On aurait pu craindre de cette rencontre qu’elle soit un peu convenue, plus convaincante sur le papier que sur bande -comme ce fut un peu le cas avec les disques de MIMEO (collectif d’improvisation électronique dirigé par Keith Rowe et dans lequel on retrouvait Fennesz et Pita, deux autres piliers de Mego), finalement très « esthétiquement corrects » dans le paysage un peu morne et autosatisfait de la musique improvisée académique. Mais le procédé mis en place par les deux musiciens est plus innovant : Martin NG génère du son en triturant ses platines vinyles et CD, pendant que Gmachl le traite en temps réel via son ordinateur et ses patches maison (ces mini-programmes élaborés à l’intérieur de Max-MSP ou Super_Collider). De plus, quand on connaît le goût de Gmachl au sein de Farmers Manual pour les dérapages et le chaos en bout de course, on se disait que cette rencontre ne pouvait pas être conventionnelle.

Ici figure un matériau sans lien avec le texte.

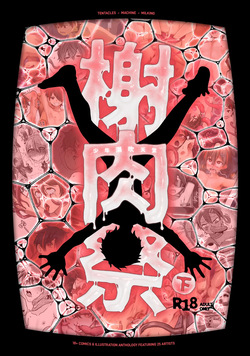 [Hijinzou (Various artists)] The Flesh Festival Vol.2 / 《肉祭榭》:下卷 (JP) page 1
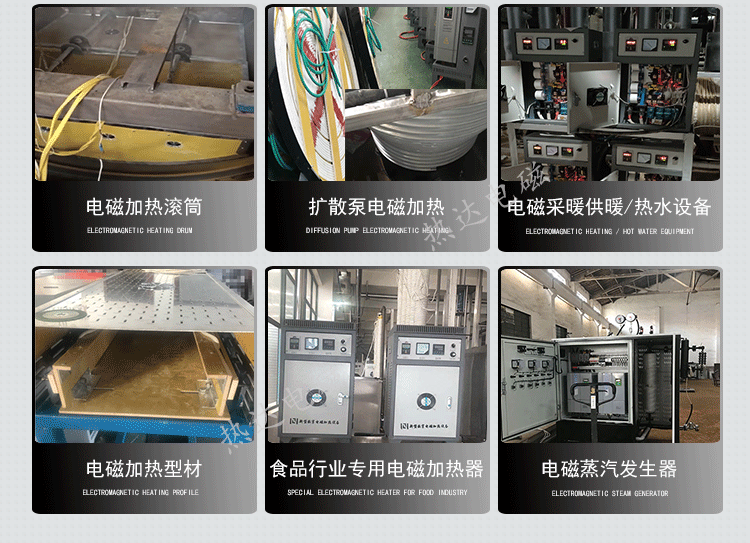 電磁加熱線(xiàn)圈2_12.png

Voici donc 36 minutes d’intense déconstruction/reconstruction, où les scratches aléatoires de vinyles et autres tressaillements de compact disc (on reconnaît ça et là des résidus numériques de hard rock ou des poussières fantomatiques de voix) deviennent matière première aux envolées numériques les plus folles. Le début du disque rassemble assez curieusement les moments les plus convenus, mais dès Sollbruchstelle et ses samples de guitare tapping progressivement vidés de toute substance reconnaissable, le « real-time data processing » de Gmachl s’intensifie, jusqu’à faire disparaître les sons de Martin NG dans un nuage de poussière numérique. Voilà une manière de dialoguer véritablement inédite, il est vrai plus dans le résultat esthétique que dans le procédé -on garde par exemple en mémoire les rencontres entre le saxophone d’Evan Parker et les traitements électroacoustiques que lui faisait subir Lawrence Casserley- où les individualités artistiques fusionnent en une émulsion de matières sonores inattendues. Un bol de radicalisme bienvenu sur Mego après la déferlante pop Endless summer de Fennesz de cet été et une nouvelle preuve accablante que Mego innove.